First Author  Patil M Year  2019
Journal  iScience Volume  20
Pages  449-465 PubMed ID  31627131
Mgi Jnum  J:311667 Mgi Id  MGI:6717594
Doi  10.1016/j.isci.2019.09.039 Citation  Patil M, et al. (2019) Prolactin Regulates Pain Responses via a Female-Selective Nociceptor-Specific Mechanism. iScience 20:449-465
abstractText  Many clinical and preclinical studies report an increased prevalence and severity of chronic pain among females. Here, we identify a sex-hormone-controlled target and mechanism that regulates dimorphic pain responses. Prolactin (PRL), which is involved in many physiologic functions, induces female-specific hyperalgesia.
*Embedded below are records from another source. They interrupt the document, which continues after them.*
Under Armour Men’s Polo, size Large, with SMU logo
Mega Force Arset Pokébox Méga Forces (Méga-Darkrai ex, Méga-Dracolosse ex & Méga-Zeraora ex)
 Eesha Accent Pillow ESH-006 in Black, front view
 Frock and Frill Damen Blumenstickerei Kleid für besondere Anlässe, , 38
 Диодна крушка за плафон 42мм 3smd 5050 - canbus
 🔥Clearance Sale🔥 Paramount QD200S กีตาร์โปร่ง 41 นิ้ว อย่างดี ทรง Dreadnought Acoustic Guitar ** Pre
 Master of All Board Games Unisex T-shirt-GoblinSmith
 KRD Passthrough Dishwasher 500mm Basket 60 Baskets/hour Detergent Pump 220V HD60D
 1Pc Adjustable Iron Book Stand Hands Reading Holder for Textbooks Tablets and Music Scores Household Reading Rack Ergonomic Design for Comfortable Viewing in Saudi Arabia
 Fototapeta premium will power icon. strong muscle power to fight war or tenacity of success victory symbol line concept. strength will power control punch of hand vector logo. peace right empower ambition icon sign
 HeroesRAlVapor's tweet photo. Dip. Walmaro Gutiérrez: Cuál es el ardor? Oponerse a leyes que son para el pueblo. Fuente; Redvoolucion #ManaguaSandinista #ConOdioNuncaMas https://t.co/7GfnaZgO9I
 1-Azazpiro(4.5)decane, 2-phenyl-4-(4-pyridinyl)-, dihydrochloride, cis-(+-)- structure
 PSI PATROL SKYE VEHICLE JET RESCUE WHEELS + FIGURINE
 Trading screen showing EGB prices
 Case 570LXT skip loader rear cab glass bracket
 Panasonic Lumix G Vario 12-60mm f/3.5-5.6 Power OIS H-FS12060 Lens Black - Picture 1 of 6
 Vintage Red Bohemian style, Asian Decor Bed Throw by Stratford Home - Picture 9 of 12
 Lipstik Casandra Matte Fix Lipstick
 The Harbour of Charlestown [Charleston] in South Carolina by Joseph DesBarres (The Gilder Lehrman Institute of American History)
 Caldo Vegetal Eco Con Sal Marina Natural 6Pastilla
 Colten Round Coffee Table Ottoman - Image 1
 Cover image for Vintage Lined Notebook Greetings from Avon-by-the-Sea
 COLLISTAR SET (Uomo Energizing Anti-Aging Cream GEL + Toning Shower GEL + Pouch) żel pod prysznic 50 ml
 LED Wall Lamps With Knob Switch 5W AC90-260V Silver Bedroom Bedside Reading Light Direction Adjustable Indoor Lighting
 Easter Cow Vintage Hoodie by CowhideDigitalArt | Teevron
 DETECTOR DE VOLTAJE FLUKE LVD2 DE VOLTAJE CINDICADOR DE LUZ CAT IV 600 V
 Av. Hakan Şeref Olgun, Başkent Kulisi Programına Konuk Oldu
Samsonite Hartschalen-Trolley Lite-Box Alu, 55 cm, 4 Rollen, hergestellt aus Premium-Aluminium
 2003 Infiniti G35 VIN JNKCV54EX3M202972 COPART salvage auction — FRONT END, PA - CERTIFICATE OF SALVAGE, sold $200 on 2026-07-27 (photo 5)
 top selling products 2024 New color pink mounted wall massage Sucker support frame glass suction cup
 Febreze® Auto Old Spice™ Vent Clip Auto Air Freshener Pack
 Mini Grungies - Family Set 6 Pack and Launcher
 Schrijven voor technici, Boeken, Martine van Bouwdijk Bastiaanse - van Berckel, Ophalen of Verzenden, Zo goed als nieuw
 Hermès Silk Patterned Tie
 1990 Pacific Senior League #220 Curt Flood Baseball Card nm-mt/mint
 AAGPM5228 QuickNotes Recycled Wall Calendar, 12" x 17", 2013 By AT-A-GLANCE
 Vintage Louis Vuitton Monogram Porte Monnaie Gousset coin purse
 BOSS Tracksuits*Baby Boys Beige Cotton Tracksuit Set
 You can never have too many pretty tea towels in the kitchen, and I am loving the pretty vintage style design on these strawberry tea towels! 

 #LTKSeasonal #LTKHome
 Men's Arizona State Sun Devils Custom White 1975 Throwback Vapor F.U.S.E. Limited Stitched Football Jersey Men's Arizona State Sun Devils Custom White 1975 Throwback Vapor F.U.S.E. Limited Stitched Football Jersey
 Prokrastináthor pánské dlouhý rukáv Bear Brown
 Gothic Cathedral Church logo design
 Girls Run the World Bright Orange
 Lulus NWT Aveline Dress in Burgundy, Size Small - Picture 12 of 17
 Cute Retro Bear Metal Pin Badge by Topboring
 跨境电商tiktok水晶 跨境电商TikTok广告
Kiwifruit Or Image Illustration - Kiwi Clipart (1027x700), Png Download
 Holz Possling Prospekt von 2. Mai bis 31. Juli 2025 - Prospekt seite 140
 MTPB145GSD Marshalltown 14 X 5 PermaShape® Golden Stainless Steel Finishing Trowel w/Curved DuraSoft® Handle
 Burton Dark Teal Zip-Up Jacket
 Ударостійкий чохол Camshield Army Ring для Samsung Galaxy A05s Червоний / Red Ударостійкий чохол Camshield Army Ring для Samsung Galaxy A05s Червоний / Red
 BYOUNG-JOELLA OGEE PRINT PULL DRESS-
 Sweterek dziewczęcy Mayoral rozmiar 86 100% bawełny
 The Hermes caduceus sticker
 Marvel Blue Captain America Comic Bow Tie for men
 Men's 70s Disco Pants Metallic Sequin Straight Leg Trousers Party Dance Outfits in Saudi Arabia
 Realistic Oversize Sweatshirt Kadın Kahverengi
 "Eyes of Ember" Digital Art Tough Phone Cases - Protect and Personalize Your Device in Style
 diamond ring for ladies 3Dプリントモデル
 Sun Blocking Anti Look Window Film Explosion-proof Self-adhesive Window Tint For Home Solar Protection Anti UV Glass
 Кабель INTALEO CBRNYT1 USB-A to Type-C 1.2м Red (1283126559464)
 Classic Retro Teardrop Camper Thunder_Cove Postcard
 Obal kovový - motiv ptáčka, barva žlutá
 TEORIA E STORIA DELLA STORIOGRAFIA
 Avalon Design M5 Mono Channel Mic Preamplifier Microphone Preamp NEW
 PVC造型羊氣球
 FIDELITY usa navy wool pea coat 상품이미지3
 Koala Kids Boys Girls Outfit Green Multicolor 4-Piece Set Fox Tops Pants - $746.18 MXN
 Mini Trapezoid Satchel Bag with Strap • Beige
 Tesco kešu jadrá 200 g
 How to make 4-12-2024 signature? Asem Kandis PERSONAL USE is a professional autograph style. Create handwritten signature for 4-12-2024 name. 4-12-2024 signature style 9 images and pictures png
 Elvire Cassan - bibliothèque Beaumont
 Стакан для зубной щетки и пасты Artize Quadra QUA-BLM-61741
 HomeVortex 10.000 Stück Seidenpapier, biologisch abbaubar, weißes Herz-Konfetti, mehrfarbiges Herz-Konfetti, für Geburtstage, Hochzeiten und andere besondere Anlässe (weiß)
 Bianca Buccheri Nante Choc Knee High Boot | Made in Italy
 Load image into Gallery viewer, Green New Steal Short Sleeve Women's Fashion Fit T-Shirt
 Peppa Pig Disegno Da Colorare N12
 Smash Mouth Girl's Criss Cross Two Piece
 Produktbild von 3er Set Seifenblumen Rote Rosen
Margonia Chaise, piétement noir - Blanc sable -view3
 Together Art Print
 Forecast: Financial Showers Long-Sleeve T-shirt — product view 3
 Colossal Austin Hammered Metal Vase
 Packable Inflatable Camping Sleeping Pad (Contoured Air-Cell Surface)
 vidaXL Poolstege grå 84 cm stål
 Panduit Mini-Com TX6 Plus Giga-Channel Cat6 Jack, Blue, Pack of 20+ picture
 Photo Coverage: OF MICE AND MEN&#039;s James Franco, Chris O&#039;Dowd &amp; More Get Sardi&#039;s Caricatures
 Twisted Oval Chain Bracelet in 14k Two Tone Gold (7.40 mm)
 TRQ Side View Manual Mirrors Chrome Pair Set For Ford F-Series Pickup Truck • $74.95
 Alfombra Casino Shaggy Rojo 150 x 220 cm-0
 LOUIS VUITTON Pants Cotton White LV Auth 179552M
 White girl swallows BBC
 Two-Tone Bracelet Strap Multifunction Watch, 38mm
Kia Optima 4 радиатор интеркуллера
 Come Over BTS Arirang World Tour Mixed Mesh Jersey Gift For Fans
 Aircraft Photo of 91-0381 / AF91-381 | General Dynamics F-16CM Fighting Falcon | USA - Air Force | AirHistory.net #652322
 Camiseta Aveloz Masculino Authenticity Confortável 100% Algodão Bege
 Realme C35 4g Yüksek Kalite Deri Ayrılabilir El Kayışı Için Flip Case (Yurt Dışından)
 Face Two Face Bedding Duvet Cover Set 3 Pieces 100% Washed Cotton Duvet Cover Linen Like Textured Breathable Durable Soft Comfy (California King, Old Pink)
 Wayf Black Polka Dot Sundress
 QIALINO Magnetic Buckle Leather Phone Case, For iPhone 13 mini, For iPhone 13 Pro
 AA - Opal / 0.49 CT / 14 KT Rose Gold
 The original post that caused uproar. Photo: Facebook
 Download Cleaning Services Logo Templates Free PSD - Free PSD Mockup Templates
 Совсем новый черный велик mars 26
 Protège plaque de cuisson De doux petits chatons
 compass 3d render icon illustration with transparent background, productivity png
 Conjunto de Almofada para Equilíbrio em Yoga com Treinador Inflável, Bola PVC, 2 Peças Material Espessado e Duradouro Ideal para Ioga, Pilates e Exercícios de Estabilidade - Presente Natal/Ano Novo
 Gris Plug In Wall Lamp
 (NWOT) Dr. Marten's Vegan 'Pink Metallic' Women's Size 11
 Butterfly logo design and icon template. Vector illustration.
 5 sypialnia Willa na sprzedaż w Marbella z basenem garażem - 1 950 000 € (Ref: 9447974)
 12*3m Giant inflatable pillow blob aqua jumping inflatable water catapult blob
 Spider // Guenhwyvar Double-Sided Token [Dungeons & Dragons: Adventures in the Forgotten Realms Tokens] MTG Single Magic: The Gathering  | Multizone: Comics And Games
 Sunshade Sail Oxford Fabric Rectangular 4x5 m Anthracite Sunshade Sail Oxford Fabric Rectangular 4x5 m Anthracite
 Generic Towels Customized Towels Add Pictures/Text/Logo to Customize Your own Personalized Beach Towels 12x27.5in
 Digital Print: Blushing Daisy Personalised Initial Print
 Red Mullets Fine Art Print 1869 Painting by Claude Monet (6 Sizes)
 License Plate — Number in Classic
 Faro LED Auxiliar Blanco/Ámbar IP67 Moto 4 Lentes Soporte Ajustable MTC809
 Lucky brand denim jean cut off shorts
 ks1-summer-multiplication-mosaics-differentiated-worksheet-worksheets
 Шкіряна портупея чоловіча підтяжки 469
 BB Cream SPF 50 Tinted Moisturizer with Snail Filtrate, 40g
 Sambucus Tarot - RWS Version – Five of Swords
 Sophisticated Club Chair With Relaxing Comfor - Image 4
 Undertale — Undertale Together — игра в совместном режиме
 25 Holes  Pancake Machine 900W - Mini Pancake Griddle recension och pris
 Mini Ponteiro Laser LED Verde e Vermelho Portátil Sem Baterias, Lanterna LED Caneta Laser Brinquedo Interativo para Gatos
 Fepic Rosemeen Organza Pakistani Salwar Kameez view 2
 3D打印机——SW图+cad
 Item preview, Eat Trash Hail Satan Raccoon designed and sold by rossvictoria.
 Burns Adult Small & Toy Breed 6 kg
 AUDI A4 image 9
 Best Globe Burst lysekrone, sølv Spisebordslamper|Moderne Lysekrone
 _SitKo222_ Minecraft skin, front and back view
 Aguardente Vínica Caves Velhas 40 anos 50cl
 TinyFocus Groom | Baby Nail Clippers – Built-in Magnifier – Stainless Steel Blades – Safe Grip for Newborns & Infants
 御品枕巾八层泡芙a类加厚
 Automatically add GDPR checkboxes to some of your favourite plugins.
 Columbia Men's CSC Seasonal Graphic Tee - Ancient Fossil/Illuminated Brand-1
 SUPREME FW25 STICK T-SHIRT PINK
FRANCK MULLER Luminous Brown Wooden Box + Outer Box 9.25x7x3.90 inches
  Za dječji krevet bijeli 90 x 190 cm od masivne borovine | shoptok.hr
A PRL receptor (Prlr) antagonist in the hind paw or spinal cord substantially reduced hyperalgesia in inflammatory models. This effect was mimicked by sensory neuronal ablation of Prlr. Although Prlr mRNA is expressed equally in female and male peptidergic nociceptors and central terminals, Prlr protein was found only in females and PRL-induced excitability was detected only in female DRG neurons. PRL-induced excitability was reproduced in male Prlr(+) neurons after prolonged treatment with estradiol but was prevented with addition of a translation inhibitor. We propose a novel mechanism for female-selective regulation of pain responses, which is mediated by Prlr signaling in sensory neurons via sex-dependent control of Prlr mRNA translation.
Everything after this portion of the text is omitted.